Below is a listing with pictures in it. Copy it exactly without them.

Data shown:
"""

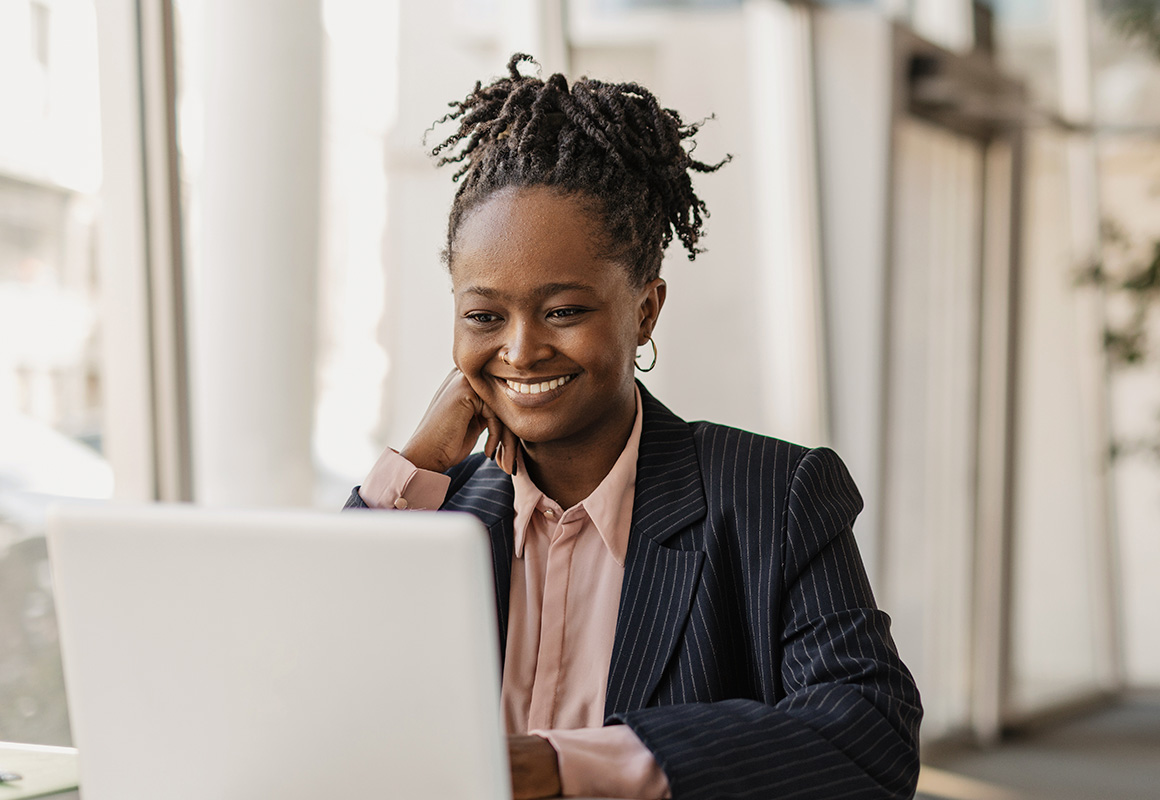 Woman in office with laptop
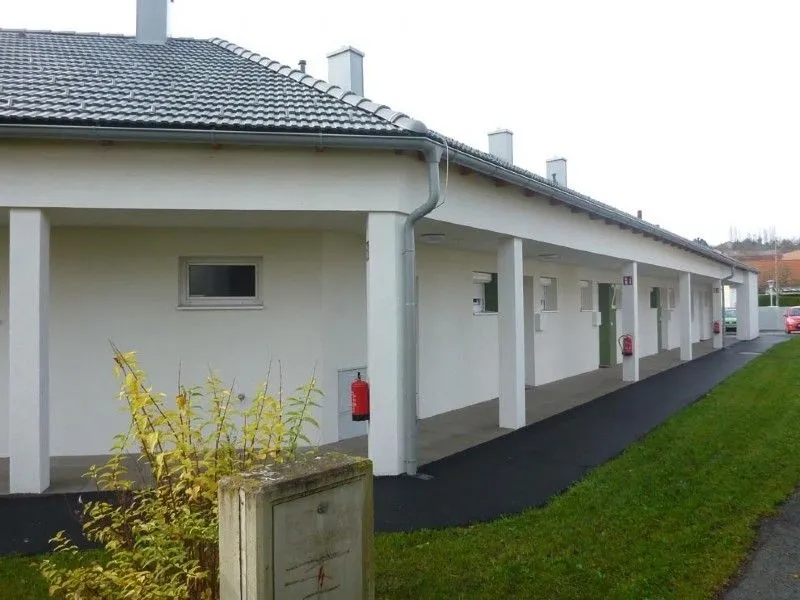 Ein langes weißes Gebäude mit grauem Dach, mehreren Fenstern und zwei roten Feuerlöschern an der Wand.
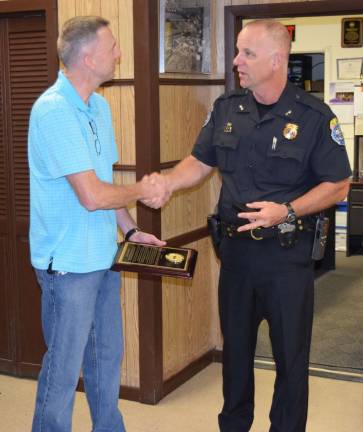 Provided photo Harriman Village Police Chief Daniel Henderson presents a retirement shield to Officer Johhny Motz at Tuesday's Village of Harriman board meeting.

"""

Output for this exercise:
 Woman in office with laptop
 Ein langes weißes Gebäude mit grauem Dach, mehreren Fenstern und zwei roten Feuerlöschern an der Wand.
 Provided photo Harriman Village Police Chief Daniel Henderson presents a retirement shield to Officer Johhny Motz at Tuesday's Village of Harriman board meeting.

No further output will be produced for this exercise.